** WHAT TO WORK ON **
Each line of the data below goes into the copy exactly; pictures do not.

** SUPPLIED MATERIAL **
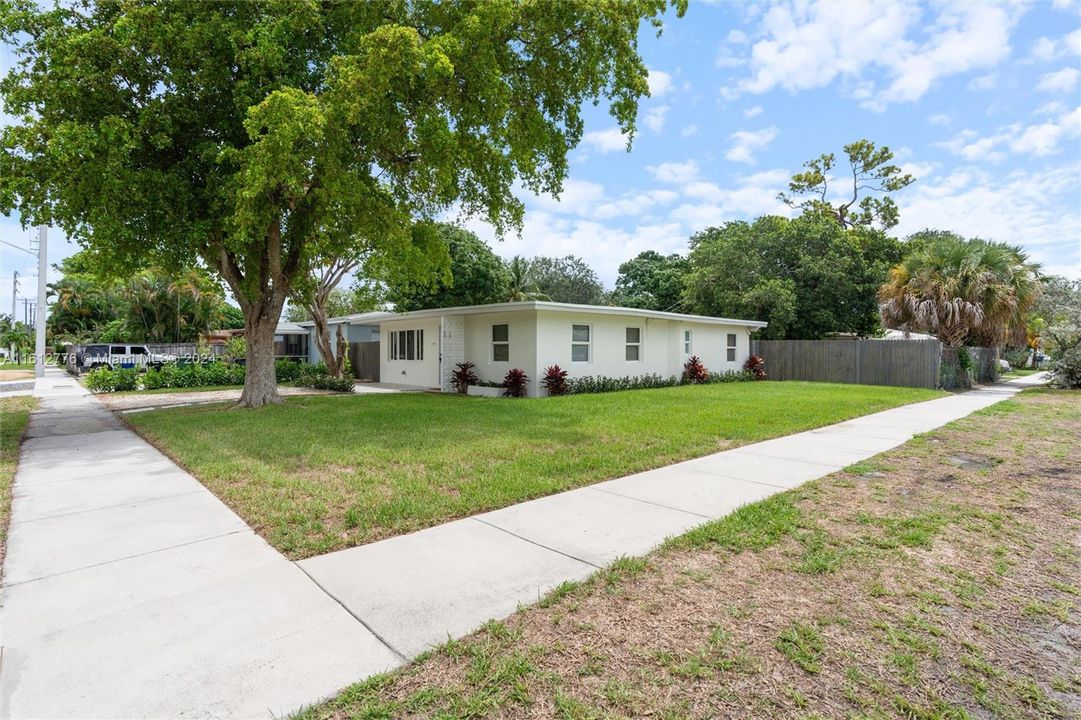 For Sale: $605,000 (3 beds, 2 baths, 1282 Square Feet)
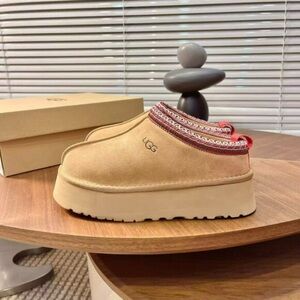 UGG Women's Tan and Red Platform Mules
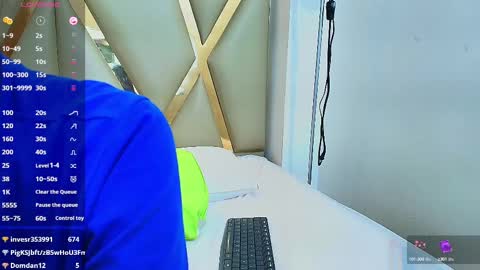 Karla  online show from 1, 3, 2025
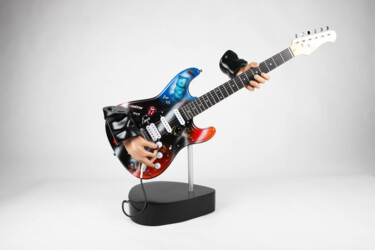 Sculpture titled "Guitare custom" by David Maeseele, Original Artwork, Airbrush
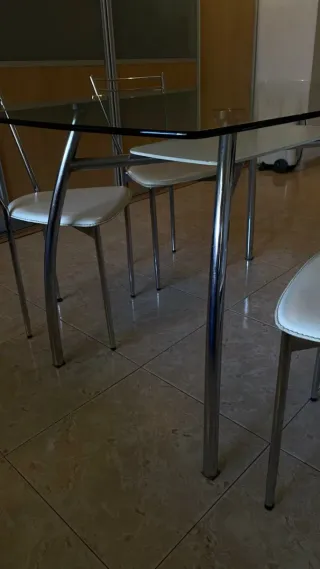 Mesa de cristal y 4 sillas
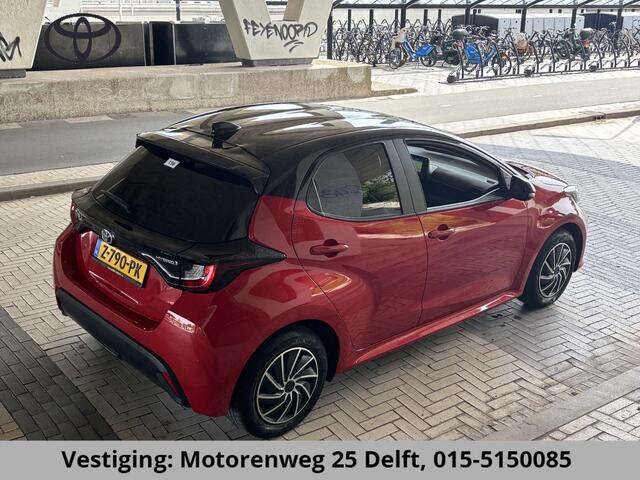 Toyota YARIS 1.5 HYBRID BI-TONE AUTOMAAT NAVIGATIE BIJNA 2023 *GARANTIE TOT 2033* Camera. Bluetooth. All Season banden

** EXERCISE RESPONSE **
 For Sale: $605,000 (3 beds, 2 baths, 1282 Square Feet)
 UGG Women's Tan and Red Platform Mules
 Karla  online show from 1, 3, 2025
 Sculpture titled "Guitare custom" by David Maeseele, Original Artwork, Airbrush
 Mesa de cristal y 4 sillas
 Toyota YARIS 1.5 HYBRID BI-TONE AUTOMAAT NAVIGATIE BIJNA 2023 *GARANTIE TOT 2033* Camera. Bluetooth. All Season banden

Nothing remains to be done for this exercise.